As discussed above, the U.S. Treasury agreed to provide us with $2.0 billion of additional working capital loans and we borrowed $2.0 billion on April 24, 2009. As part of the compensation for these loans, we issued to the U.S. Treasury a promissory note in an aggregate principal amount of $133.4 million. We currently expect that we will need an additional $2.6 billion of working capital loans prior to June 1, 2009. We cannot assure you that the U.S. Treasury will provide the additional $2.6 billion of loans. If we were to receive the additional $2.6 billion of loans, we expect we would be required to issue to the U.S. Treasury a promissory note in an aggregate principal amount of $173.4 million as part of the compensation for these loans.

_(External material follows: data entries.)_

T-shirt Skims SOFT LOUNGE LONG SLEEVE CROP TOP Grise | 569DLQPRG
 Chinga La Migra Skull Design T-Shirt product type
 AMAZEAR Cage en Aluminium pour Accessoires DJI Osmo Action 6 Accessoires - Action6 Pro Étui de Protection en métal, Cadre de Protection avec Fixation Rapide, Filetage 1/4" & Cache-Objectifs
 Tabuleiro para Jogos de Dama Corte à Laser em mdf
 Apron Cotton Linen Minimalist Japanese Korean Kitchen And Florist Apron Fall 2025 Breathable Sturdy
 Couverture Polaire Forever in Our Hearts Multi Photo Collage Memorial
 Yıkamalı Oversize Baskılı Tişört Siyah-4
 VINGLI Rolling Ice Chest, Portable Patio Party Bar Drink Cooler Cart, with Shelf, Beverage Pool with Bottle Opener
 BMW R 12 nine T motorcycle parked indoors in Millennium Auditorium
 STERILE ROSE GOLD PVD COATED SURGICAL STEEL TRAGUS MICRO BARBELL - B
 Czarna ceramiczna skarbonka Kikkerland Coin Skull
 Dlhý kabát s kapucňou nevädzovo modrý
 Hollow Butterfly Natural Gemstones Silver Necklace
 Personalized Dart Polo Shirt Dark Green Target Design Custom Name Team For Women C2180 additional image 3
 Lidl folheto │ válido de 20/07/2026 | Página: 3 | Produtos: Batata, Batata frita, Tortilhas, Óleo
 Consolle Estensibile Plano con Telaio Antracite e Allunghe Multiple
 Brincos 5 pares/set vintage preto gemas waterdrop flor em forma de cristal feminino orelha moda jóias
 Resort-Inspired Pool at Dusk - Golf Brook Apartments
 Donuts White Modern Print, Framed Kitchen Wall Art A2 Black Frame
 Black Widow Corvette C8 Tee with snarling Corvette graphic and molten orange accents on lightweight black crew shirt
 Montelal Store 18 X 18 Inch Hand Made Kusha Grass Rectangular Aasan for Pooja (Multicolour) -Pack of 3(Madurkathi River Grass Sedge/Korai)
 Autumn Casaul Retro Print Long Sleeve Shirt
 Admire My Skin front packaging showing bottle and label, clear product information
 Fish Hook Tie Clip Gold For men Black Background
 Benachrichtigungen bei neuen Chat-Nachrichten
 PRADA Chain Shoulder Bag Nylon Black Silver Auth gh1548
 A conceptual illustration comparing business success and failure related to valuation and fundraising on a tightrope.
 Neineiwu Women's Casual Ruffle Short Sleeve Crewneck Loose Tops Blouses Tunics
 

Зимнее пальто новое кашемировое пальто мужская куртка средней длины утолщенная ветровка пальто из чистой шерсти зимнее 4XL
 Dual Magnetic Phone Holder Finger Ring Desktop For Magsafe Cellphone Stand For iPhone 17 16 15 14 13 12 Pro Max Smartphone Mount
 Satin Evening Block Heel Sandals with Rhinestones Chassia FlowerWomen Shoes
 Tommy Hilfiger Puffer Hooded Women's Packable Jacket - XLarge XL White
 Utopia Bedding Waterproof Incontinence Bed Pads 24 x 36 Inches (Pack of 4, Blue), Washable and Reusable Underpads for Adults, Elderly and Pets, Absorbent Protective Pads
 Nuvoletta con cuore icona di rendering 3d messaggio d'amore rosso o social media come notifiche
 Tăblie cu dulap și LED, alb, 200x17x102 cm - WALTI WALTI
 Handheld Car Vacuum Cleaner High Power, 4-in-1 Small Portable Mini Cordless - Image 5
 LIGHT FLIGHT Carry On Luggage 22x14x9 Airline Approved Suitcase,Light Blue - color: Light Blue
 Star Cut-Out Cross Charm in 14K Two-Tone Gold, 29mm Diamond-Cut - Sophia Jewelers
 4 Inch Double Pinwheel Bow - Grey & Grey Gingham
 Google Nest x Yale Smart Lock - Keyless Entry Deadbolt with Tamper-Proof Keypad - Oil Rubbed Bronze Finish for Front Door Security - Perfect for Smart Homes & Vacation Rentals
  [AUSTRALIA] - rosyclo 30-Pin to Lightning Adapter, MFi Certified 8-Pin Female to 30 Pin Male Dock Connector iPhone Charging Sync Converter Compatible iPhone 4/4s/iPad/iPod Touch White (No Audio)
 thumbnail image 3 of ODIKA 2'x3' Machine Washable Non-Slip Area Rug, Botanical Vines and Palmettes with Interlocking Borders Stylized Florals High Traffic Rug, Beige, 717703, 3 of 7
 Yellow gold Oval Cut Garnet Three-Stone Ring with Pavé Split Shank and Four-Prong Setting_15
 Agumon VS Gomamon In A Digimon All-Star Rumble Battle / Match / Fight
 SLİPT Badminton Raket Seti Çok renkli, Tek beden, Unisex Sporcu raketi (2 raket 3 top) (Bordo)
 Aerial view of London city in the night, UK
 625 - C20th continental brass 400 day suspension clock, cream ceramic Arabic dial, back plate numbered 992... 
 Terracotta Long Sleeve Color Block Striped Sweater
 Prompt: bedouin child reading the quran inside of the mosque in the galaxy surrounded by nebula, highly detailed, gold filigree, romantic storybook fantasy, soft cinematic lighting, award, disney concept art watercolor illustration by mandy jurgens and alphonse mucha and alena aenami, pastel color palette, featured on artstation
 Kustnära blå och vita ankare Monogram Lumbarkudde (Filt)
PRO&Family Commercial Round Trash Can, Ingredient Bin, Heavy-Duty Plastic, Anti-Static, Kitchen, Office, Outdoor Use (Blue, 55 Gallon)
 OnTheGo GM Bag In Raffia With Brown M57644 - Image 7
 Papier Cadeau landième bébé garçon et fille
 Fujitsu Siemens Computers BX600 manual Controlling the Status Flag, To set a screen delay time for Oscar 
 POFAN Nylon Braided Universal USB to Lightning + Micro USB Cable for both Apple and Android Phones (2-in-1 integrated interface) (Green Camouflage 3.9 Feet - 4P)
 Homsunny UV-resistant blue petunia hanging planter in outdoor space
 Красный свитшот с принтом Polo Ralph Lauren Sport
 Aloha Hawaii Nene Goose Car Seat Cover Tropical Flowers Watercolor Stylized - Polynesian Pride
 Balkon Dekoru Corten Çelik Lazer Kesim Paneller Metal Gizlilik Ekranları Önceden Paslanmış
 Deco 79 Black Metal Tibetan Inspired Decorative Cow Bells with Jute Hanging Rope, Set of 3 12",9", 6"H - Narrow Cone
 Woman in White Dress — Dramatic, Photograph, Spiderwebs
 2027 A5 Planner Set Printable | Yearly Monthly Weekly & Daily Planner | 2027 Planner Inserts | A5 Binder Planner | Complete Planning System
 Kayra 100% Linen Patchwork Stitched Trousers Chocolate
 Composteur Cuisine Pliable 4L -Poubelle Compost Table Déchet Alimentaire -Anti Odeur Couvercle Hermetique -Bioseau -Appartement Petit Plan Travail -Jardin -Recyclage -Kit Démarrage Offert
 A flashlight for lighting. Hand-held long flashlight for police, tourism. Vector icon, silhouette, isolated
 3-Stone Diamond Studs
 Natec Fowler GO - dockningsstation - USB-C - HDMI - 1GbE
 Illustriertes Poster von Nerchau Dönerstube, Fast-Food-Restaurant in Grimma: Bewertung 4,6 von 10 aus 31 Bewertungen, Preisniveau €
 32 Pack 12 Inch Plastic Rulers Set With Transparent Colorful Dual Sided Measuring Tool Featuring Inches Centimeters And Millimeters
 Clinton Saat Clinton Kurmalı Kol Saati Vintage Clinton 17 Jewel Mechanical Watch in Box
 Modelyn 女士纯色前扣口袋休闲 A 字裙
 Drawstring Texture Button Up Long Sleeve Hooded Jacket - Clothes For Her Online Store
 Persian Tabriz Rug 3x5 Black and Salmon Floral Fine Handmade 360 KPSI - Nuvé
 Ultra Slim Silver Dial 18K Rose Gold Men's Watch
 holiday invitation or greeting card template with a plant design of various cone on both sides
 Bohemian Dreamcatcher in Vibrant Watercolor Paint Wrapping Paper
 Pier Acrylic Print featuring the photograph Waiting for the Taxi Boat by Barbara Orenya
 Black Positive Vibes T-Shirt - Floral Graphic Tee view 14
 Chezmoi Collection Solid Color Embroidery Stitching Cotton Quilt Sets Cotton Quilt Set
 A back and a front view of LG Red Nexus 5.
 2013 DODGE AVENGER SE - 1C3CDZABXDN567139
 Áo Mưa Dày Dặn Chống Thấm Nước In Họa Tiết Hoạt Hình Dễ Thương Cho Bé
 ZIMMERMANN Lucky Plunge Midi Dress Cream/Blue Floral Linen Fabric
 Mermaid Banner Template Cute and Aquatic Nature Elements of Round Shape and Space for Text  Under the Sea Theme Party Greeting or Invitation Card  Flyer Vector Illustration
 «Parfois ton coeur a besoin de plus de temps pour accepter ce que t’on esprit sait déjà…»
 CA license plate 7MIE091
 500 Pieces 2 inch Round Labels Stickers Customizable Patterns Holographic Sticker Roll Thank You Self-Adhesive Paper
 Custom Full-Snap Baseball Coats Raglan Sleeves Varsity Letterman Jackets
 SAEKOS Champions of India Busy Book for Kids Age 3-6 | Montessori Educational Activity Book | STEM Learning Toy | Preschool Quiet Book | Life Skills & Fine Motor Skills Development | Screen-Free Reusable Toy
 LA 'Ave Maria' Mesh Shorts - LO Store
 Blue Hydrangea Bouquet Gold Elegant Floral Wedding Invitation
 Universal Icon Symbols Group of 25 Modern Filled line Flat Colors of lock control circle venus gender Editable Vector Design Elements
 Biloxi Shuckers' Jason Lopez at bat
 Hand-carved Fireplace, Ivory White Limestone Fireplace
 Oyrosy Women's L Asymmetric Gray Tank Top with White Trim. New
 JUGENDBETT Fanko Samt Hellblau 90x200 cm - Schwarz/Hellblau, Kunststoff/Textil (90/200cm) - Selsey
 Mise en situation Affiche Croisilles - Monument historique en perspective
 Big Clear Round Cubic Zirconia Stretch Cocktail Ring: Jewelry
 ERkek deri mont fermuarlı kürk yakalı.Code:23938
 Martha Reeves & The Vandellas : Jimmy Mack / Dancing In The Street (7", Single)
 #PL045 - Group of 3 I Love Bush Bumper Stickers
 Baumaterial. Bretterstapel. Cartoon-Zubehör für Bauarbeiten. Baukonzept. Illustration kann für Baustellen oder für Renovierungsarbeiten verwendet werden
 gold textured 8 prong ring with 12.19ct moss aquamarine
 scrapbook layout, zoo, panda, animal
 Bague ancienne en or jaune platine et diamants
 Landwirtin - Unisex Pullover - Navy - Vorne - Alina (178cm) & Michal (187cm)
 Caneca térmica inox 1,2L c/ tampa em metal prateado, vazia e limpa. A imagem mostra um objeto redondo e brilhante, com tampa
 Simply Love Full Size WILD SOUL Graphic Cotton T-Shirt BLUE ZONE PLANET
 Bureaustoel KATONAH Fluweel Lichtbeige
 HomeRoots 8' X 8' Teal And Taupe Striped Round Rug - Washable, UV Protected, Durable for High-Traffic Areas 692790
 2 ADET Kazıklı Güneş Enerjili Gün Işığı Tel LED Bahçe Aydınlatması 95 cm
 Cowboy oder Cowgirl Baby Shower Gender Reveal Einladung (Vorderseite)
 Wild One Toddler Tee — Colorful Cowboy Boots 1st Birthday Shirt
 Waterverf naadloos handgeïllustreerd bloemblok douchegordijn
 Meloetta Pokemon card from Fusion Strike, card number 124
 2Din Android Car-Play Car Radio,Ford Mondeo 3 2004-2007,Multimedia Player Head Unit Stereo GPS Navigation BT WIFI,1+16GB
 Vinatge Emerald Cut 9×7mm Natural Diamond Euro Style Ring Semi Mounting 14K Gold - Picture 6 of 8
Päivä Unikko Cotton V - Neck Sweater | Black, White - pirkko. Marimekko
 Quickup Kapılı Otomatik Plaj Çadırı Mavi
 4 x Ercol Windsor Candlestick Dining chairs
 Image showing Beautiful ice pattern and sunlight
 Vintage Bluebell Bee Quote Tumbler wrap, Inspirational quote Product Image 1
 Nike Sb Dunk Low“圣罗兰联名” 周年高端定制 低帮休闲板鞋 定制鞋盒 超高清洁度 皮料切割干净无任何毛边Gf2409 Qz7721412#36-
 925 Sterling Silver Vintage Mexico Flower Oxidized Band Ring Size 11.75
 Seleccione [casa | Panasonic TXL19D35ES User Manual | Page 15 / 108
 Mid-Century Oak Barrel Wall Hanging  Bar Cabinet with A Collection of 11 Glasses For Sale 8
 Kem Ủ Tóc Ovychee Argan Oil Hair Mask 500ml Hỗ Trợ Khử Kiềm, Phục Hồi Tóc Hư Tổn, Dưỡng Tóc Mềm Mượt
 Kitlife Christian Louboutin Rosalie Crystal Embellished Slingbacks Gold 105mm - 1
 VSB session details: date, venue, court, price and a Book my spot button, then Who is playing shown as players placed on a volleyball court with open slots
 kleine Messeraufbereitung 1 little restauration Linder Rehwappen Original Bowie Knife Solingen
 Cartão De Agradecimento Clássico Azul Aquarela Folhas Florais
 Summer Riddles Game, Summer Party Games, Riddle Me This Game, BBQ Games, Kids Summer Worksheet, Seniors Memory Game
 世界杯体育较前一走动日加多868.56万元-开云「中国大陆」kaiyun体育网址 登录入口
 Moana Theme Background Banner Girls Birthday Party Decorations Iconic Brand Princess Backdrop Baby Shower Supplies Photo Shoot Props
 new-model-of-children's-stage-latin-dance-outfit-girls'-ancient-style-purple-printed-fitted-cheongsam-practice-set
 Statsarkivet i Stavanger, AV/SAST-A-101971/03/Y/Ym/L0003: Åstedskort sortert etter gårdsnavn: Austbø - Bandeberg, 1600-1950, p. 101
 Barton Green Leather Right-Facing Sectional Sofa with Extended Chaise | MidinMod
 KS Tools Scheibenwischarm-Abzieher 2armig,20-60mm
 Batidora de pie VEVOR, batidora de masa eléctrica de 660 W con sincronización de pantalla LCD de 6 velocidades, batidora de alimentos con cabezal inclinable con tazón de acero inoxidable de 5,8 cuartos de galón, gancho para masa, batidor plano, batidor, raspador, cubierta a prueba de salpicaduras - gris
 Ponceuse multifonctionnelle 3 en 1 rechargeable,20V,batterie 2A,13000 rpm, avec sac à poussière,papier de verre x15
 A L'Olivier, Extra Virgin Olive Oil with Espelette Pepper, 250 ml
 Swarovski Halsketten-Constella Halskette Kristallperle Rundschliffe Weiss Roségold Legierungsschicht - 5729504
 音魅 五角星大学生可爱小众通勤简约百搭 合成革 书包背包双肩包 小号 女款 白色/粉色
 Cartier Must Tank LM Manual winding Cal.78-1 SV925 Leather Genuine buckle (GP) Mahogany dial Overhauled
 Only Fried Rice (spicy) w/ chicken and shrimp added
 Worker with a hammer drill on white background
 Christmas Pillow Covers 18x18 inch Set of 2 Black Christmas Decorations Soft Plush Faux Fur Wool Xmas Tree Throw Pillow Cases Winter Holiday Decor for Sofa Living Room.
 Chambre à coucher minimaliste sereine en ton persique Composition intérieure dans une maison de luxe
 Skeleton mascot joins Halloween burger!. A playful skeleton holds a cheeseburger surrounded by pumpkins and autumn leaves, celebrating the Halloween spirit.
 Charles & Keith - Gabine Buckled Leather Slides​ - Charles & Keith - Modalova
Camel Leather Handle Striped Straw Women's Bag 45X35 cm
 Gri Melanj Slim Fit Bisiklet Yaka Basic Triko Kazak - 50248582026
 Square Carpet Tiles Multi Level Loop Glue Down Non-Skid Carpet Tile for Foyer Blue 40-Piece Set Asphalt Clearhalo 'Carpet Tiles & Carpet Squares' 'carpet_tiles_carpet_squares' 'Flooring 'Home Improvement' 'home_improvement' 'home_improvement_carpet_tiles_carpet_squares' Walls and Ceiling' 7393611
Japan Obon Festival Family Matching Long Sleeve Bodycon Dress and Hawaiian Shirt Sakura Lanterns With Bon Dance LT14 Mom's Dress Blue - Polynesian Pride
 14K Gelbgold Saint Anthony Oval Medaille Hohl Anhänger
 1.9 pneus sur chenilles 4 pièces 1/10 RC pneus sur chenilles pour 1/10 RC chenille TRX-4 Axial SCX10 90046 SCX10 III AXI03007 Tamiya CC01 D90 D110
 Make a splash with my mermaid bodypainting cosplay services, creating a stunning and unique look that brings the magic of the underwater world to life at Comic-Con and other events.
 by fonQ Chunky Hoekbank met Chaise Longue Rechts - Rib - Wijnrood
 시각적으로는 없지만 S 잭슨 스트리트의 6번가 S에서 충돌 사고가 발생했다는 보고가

If we receive the additional $2.6 billion of loans and issue the additional $173.4 million promissory note to the U.S. Treasury in connection with those loans, as of June 1, 2009 we would have received loans from the U.S. Treasury of $18.0 billion (excluding the $884.0 million we borrowed to purchase additional membership interests in GMAC) and issued promissory notes in an aggregate principal amount of $1.1 billion as part of the compensation to the U.S. Treasury for these loans, and as a result, the total outstanding U.S. Treasury Debt would be $20.0 billion. Under the terms of the U.S. Treasury Debt Conversion, at least 50% of the U.S. Treasury Debt outstanding at June 1, 2009 (including the $884.0 million we borrowed to purchase additional membership interests in GMAC and the other promissory notes we issued to the U.S. Treasury as part of the compensation for the loans provided to us), would be exchanged for new shares of GM common stock.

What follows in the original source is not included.